To determine your actual squish clearance...
You will need about a 10" length of solder of a diameter that is thicker than your current squish clearance. Common available diameters are approximately .038", .065", .090" and about .140". Start with the .065" (in tightly set-up race engines of smaller displacement you may need only the .038") and if it is not thick enough because your squish clearance turns out to be greater, just go up to the next size. IMPORTANT! IF YOU USE SOLDER THAT IS THICKER THAN NECESSARY TO MEASURE THE EXISTING CLEARANCE (Example: Using .090" thickness solder in a cylinder with .055" squish clearance, when the proper solder thickness to be used would be .065") YOUR MEASURED CLEARANCE WILL BE INACCURATE!!! If you get inaccurate squish clearance impressions, everything that is deduced from them will be seriously flawed. THIS IS A BIG DEAL, SO TREAT IT WITH PROPERLY DUE ATTENTION!
Cut the solder tips squarely with a single edge razor blade so each tip is cut perfectly perpendicular to the solder length. This is also VERY IMPORTANT to get accurate indications from the very edge of the combustion chamber limits! Bend the solder into an upside down "U" shape with the "legs" about 1/2" apart and parallel to eachother. Now cross the "legs" over eachother.

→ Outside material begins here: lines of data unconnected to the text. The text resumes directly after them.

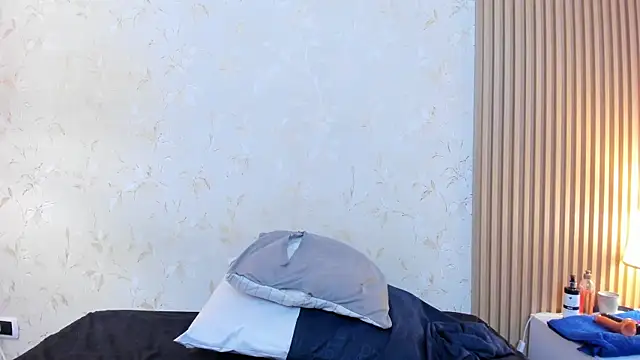 vailoetharris 即時 XXX 聊天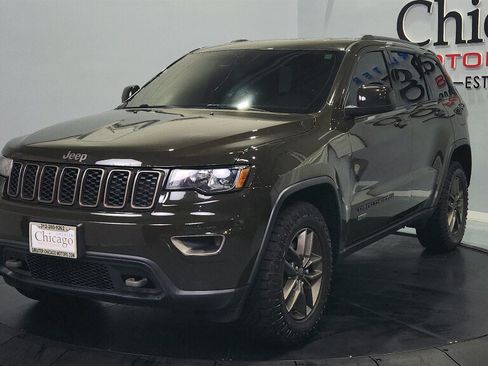 Used 2017 Jeep Grand Cherokee Laredo AWD/4WD image 4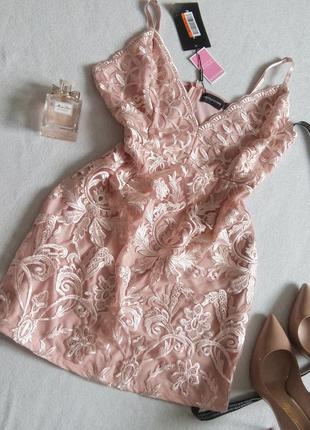 Розовое облегающее  платье с кружевной вышивкой!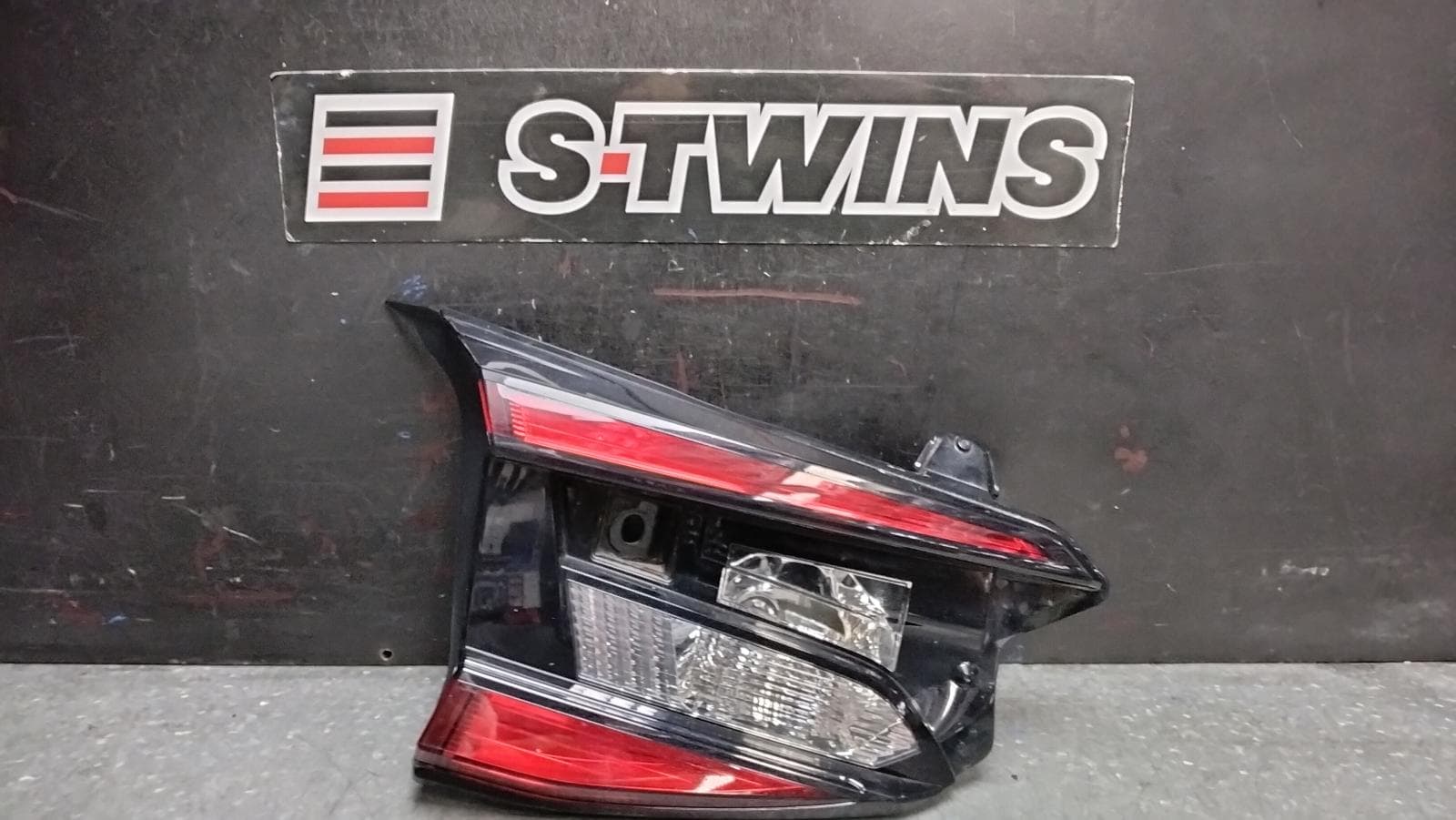 Used auto part listing image: 2024 SUBARU CROSSTREK REAR GARNISH G6X, TAILGATE LAMP (LH SIDE), 10/22- 0000388452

You should now have an inverted "U" of solder with "legs" crossed in an "X" pattern.
Remove spark plug from your engine. Bring the engine up to approximate top dead center (follow the piston up the bore with another piece of solder stuck into the plug hole.......). Now back the motor up opposite normal direction of rotation until the piston has dropped about an inch back down the bore. Insert your two "legs" of solder into the plug hole while holding the solder by its' "U". Push and allow the "legs" to splay left and right across the piston dome INLINE WITH THE WRIST PIN AXIS. Do NOT push the "legs" fore and aft (front to back) in the bore or the potential for the piston to "tilt" on the wrist pin in its' cylinder wall clearance could give you false readings.

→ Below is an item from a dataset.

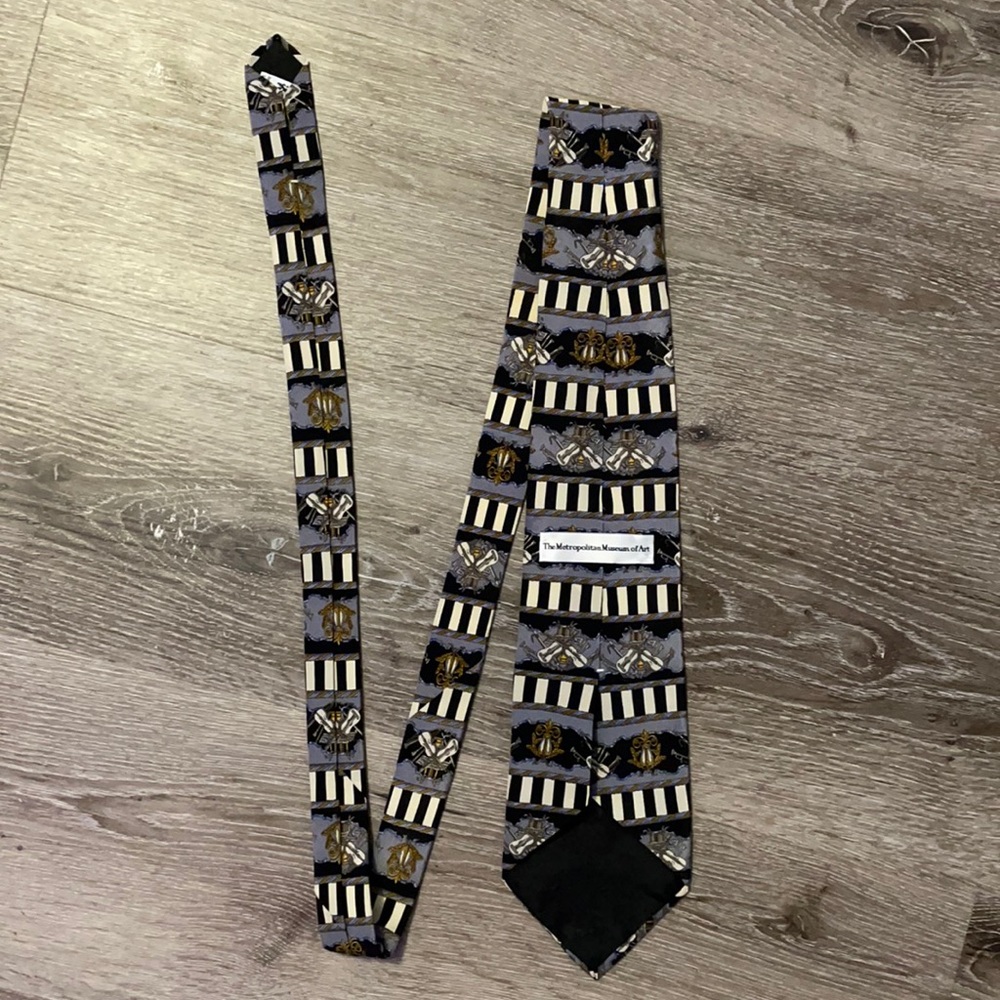 Metropolitan museum of art tie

You'll be able to "feel" the tips of the solder as they move left and right out to the cylinder wall limits. When you feel them touch the cylinder wall, stop pushing and hold what you've got with one hand while rotating the motor up to TDC with the other hand by its' flywheel or similar. If the solder is thicker than your squish clearance you will feel resistance as you reach TDC. If the resistance is too great to roll past TDC, select another length of solder of the next thinner diameter.
Roll the engine through TDC and allow the piston to descend enough down the bore to easily retract the legs of solder back out through the plug hole. IMPORTANT! Keep track of which tip was at which side of the bore so you'll know which is which if there's a difference in squish clearance from one side of the bore to the other! Differences in clearance from one side to the other are common and can be caused by a "tilted" squish band in the head, "tilted" piston crown, bent rod, cylinder bore not cut perpendicular to the head mating surface, etc.. Noticing that there is a problem and which direction the "tilt" is will alert you to track down the culprit.
Now measure the compressed tip ENDS (it is fairly common for the squish band angle in the head and the radius on the piston crown to diverge slightly, thus your "tightest" clearance will be right at the very ends of your solder) and record them. This is your actual squish clearance at TDC.